The harbour porpoise (Phocoena phocoena) is probably the most abundant small cetacean in the northeast Atlantic and as such is an important top predator. It is also one of the most threatened species, particularly as a consequence of fishery by-catch.
Porpoises feed mainly on small shoaling fishes from both demersal and pelagic habitats. Many prey items are probably taken on, or very close to, the sea bed. Even though a wide range of species has been recorded in the diet, porpoises in any one area tend to feed primarily on two to four main species (e.g. whiting (Merlangius merlangus) and sandeels (Ammodytidae) in Scottish waters).
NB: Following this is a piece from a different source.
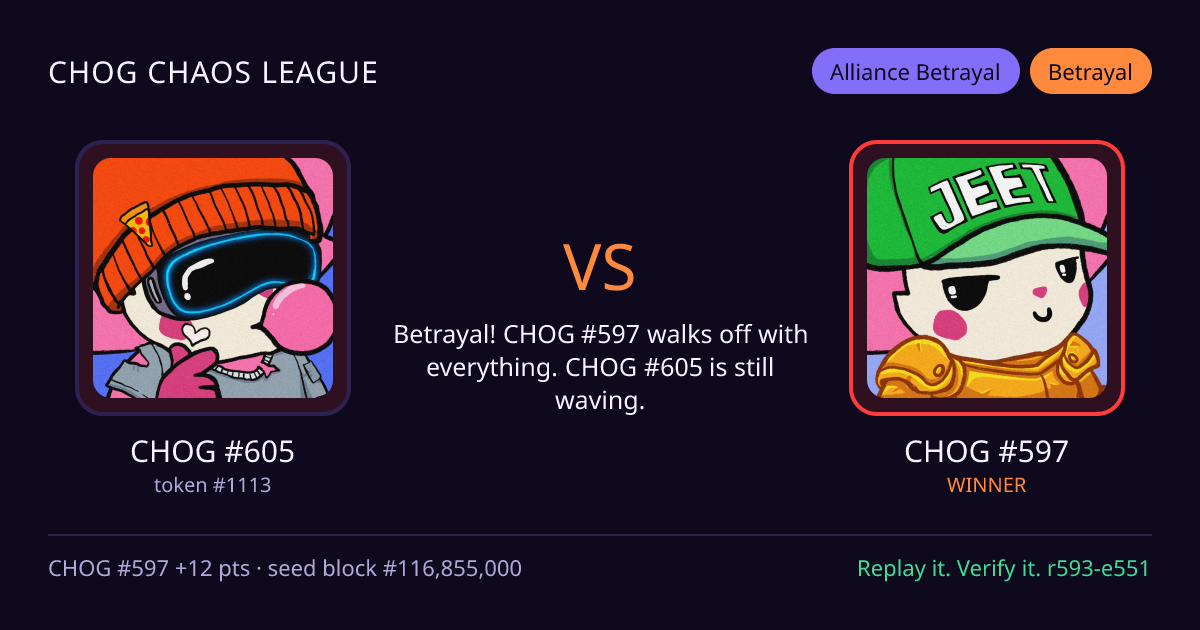 Highlight card: CHOG #605 versus CHOG #597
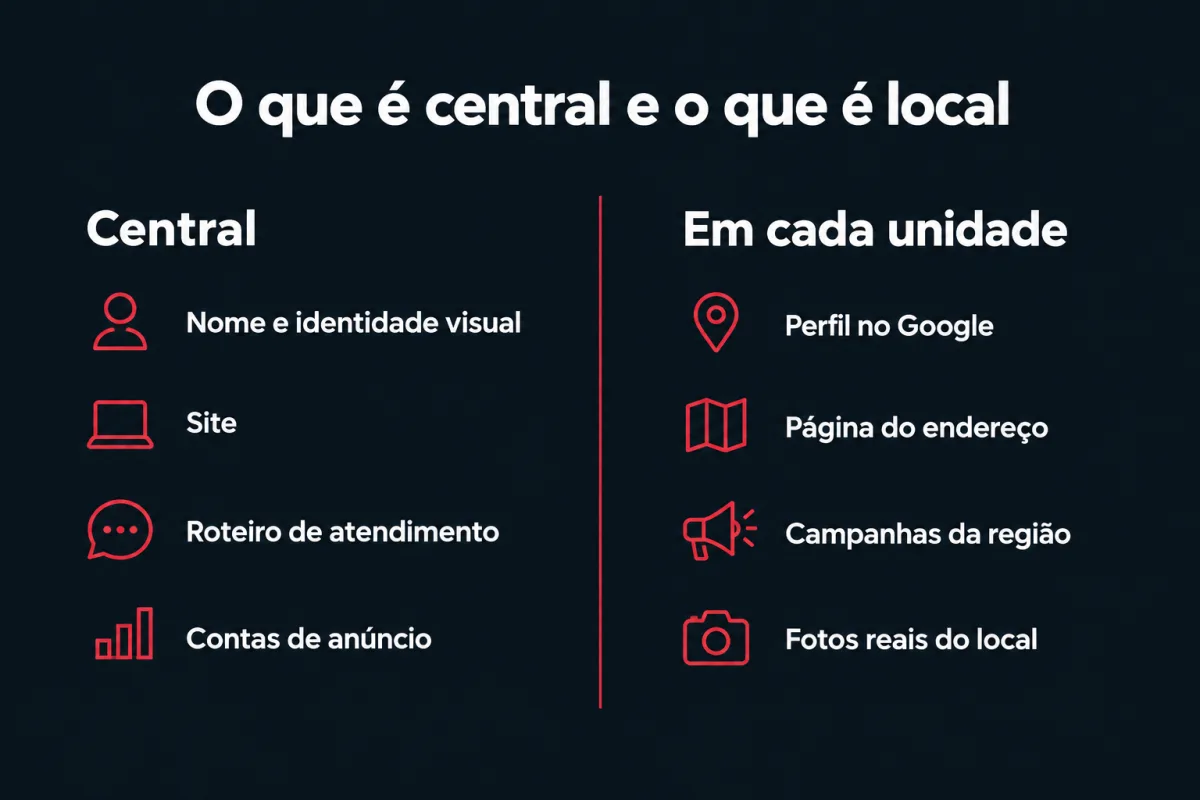 O que é central e o que é local. Central: nome e identidade visual, site, roteiro de atendimento e contas de anúncio. Em cada unidade: perfil no Google, página do endereço, campanhas da região e fotos reais do local.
Evidence for selective predation is equivocal. Many studies provide evidence of geographic, seasonal, interannual, ontogenetic or sexual differences in prey types or prey sizes, and such differences are often (speculatively) interpreted in terms of prey availability. A few studies demonstrate trends in diet selection that are consistent with changes in prey abundance. However, lack of availability of prey abundance data at an appropriate spatial and temporal scale is often a problem.
Porpoise diets overlap extensively with diets of other piscivorous marine predators (notably seals). Many of the main prey species are also taken by commercial fisheries, although porpoises tend to take smaller fishes than those targeted by fisheries. Given their high abundance, porpoises clearly remove substantial quantities of fish.
The literature on porpoise diets in the northeast Atlantic suggests that there has been a long-term shift from predation on clupeid fish (mainly herring Clupea harengus) to predation on sandeels and gadoid fish, possibly related to the decline in herring stocks since the mid-1960s. Evidence from studies on seals suggests that such a shift could have adverse health consequences.
Food consumption brings porpoises into contact with two important threats – persistent organic contaminants and fishing nets, both of which have potentially serious impacts.